Evariste Mongo, a member of the local administration, said on Monday the attacks occurred in the western cities of Carnot, Nola and Bambari. No injuries were reported.
Waves of violence
The diamond- and gold-rich nation of 4.7 million has struggled to stabilise due to successive waves of violence since 2013 that have killed thousands and forced more than a million from their homes.
“As of today, we do not know the proportion of Central Africans who were able to vote,” Momokouama said.
He said the commission was waiting for results from the regions for collation. The commission would then forward the provisional results to the constitutional court which will publish them.
The election campaign was marred by threats from armed rebel groups that promised to march on the capital and disrupt the vote after several candidates, including former President Francois Bozize, were barred from running.
Security forces, helped by more than 12,000 United Nations peacekeepers, and reinforcement from partners Russia and Rwanda, managed to fend off attacks in the capital and some towns, but rebels were able to stop the vote in some areas of a sparsely populated country larger than France.
On Friday, three UN peacekeepers were killed after an attack on domestic security forces and the MINUSCA mission in Dekoa, Kemo prefecture, and Bakouma in Mbomou prefecture.

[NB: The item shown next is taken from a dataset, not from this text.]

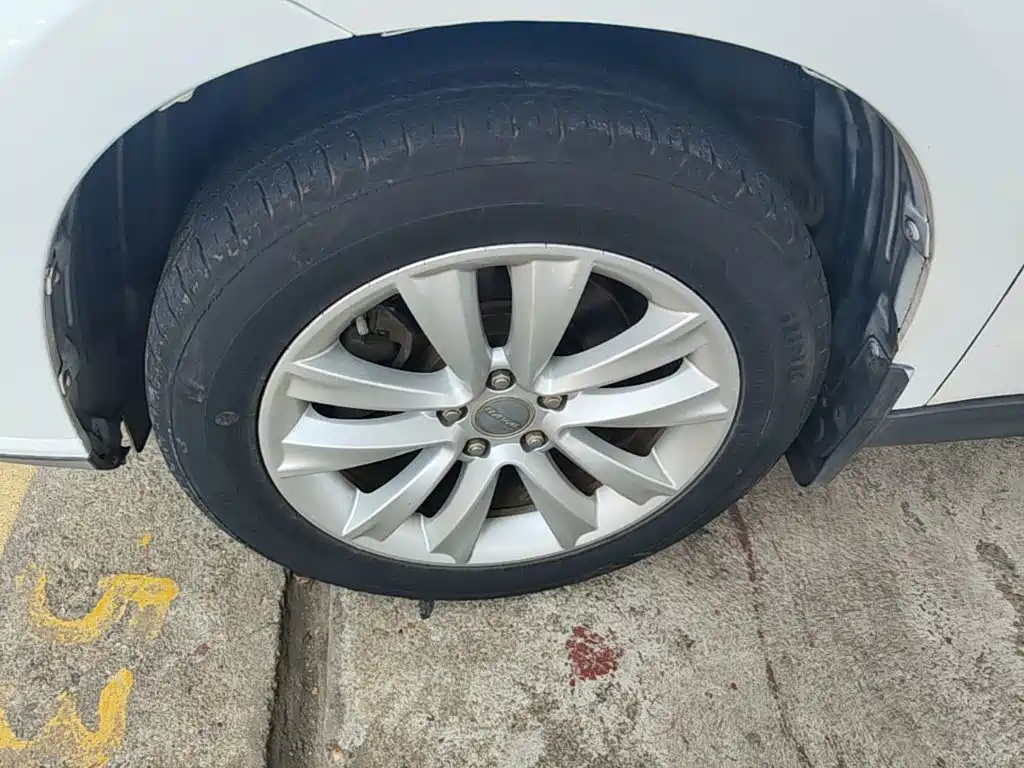 Фото 23 - Haval H2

Security Minister Henri Wanzet-Linguissara told the news conference that some rebel groups were aided by foreign mercenaries, enabling them to take control of some towns.
In Bouar, about 435km (270 miles) northwest of the capital where heavy gunfire prevented voting, terrified residents were still hiding in their homes on Monday.
“The armed groups are still near the town. Yesterday it was very difficult for us. We couldn’t vote. They ransacked polling stations. For now, the city is almost empty,” a resident said by phone.